BY CLARE TRAPASSO
Monday, December 22nd 2008, 3:55 PM
Smith for News
Joanne Smitherman, of Highbridge Gardens Association speaks at a Community Center Association meeting in Manhattan to figure out how to respond to city Housing Authority's plan to close 19 centers.
Smith for News
Reginald Bowman, president of NYCHA's Citywide Council of Presidents, adds his thoughts.
Smith for News
Smitherman, holds a list of centers slated to be closed.
Happy New Year. Now get out.
Nineteen community centers in public housing developments across the five boroughs are the latest items on the city Housing Authority's chopping block, according to community leaders.
The anticipated closures would eliminate after-school and teen programs for hundreds of the city's poorest children, advocates said.
Without the centers, local leaders fear they'll see a rise in neighborhood crime.
"Where will the kids go?" asked Joanne Smitherman, president of the Highbridge Gardens Residents Association in the Bronx.
"They'll be on the street. That's where you have all the problems."
Smitherman said the Housing Authority told her last month that her center was scheduled to close in early January.
"That meal that we serve in the community center is the only meal [some children] will get that day," she said. "It's going to be devastating."
Earlier this month, the Housing Authority said in a City Council budget hearing that it planned to phase out 18 community centers because of a $150 million budget shortfall.
An additional center is also expected to be closed, according to Reginald Bowman, president of the Citywide Council of Presidents of the New York City Housing Authority, which represents public housing development tenant associations.
The group is working on organizing a protest against the anticipated closures.
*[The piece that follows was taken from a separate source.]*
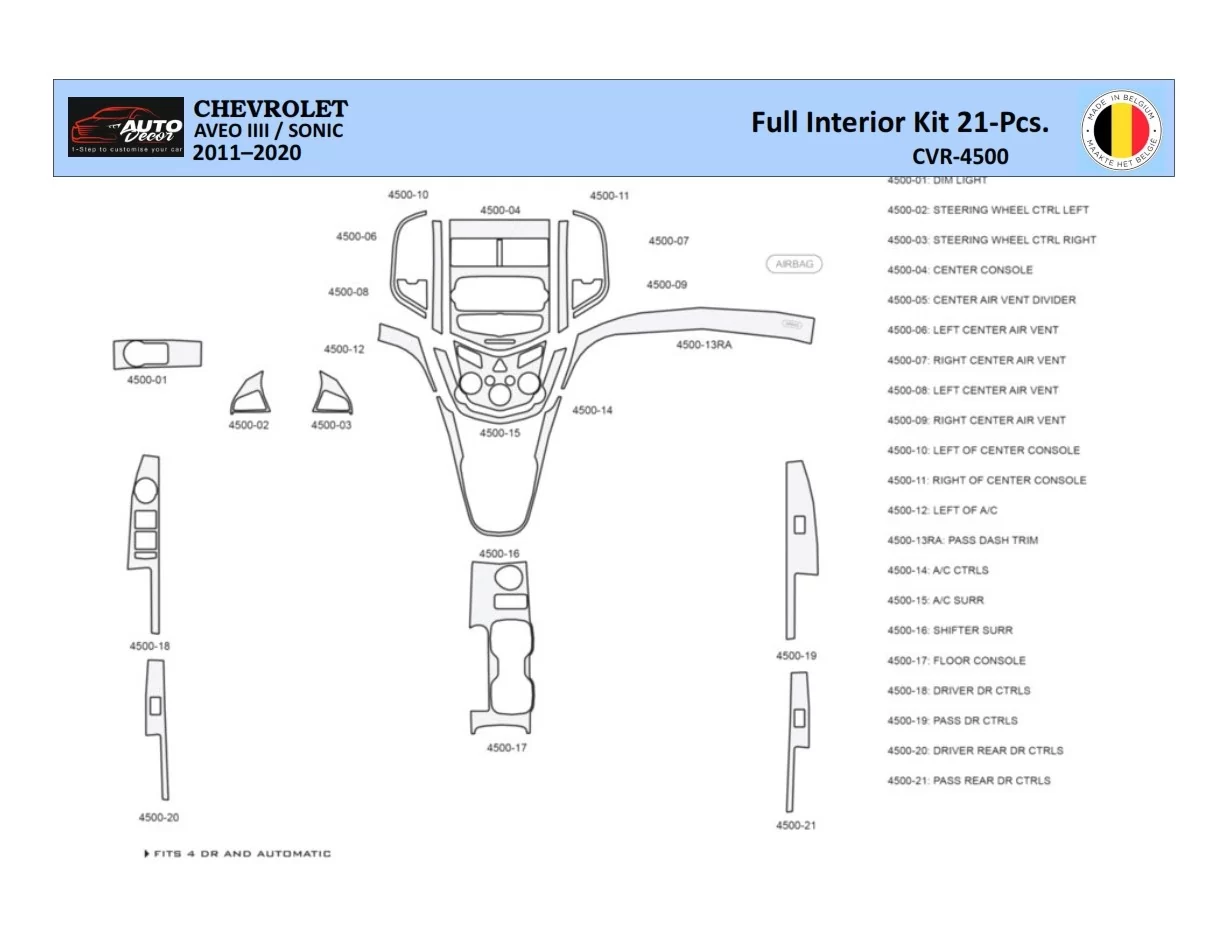 Chevrolet Aveo T300 2012–2020 Intérieur WHZ Kit de garniture de tableau de bord 21 pièces - 1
The proposed cuts are in addition to the 14 centers the agency shuttered earlier this year.
But NYCHA spokesman Howard Marder said nothing has been finalized.
The agency is looking for other city agencies or community organizations to step in and take over the centers, Marder said.
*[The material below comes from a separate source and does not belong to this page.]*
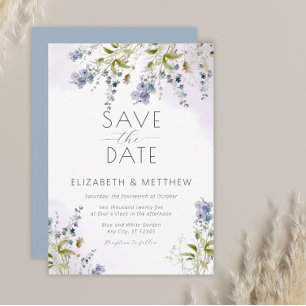 Dusty Blue Flowers Save the Date Invitation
"If our sister agencies can come in and run a program, this would be an excellent way to keep these facilities open," Marder said. "But this is a plan that's just at the beginning."
Six centers in Manhattan, four each in the Bronx and Brooklyn, three in Queens and two on Staten Island are expected to close in January, according to Bowman.
This could mean pink slips for 236 workers, labor leaders said.